我らが故郷鷹栖に舞い戻った。
2月5日、晴れ。
母親に連れられ、僕は自動車学校に入校した。
まず、ロビーで受付を済ませるのだが、そこがまた異質な空間だった。
”高校生の巣”
そんな表現がしっくりくるだろうか。いや、”高校”か。
まるで高校の3階のような高校3年生率。
2月~4月、時期としてはこの状況はなんら珍しいものではないし、予想もしていた。
けれど、不思議な事に、
「わぁ、なんだこれ。すげぇなぁ、子供達」
とか、やぶからぼうに言い出す俺。
一つしか歳は変わらないし、僕よりも明らかに凛とした表情で佇む高校生だっている。
もちろん、体格だって負けてるし、勝ってるのはひぶくれした下っ腹くらいなものだ。
隣の母親に「お前もガキだ」と言わんばかりの渋い表情を受けながら、すました表情をした。
自分の息子をガキ扱いかいマザー。
なんて事は無い。

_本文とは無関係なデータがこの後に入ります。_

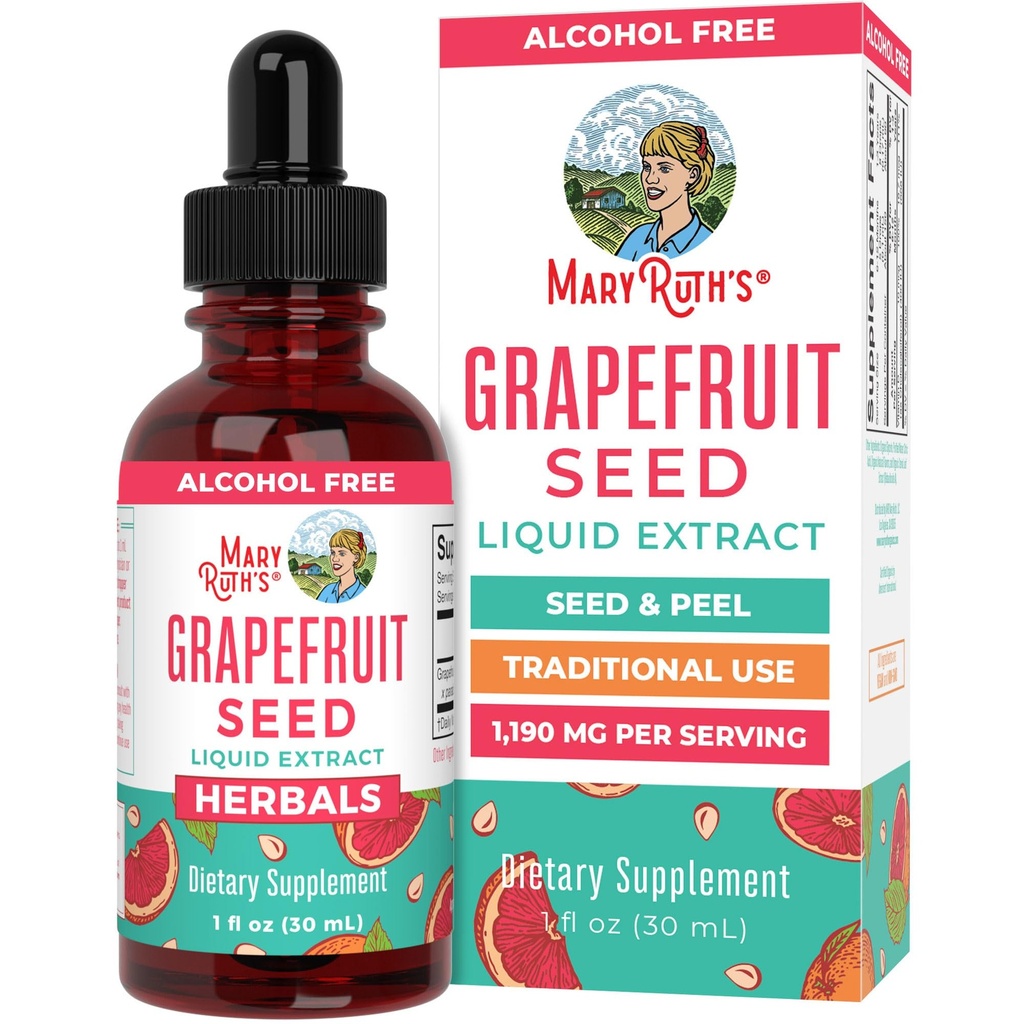 MaryRuth Organics Seed Extract Seed Seed Seed Oil Drops 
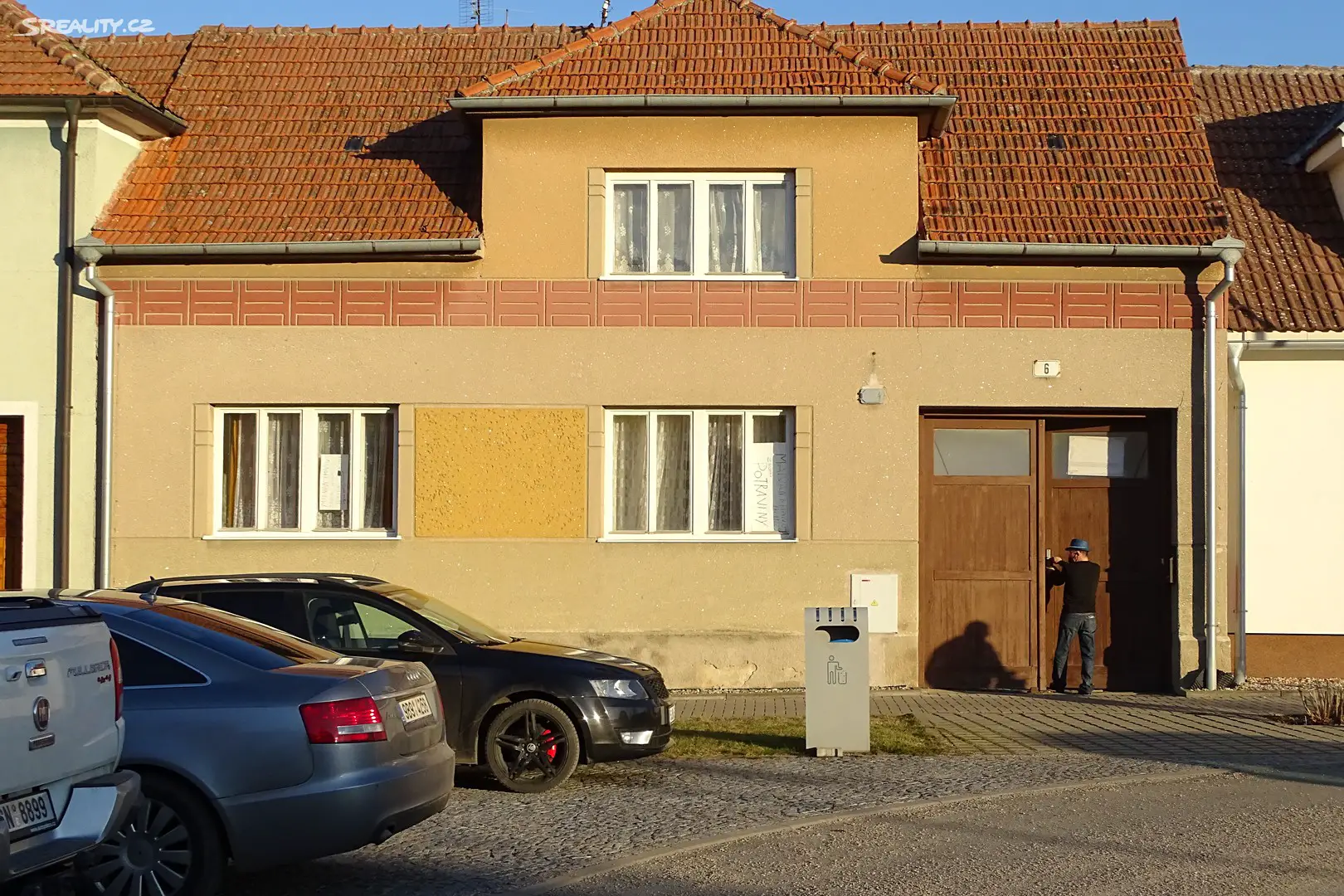 Prodej  rodinného domu 190 m², pozemek 1 464 m², Blížkovice, okres Znojmo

その通りだ。
親同伴で、親に入校手続きのほとんどをさせて、周りをキョロキョロしているだけで「すげぇなぁ、子供達」だなんて言っている。
終いには、自分が年上だよと思わせたかったのか「大学」という単語をやたら言ってた。
身体はオヤジ、心はこどもの自動車学校初日。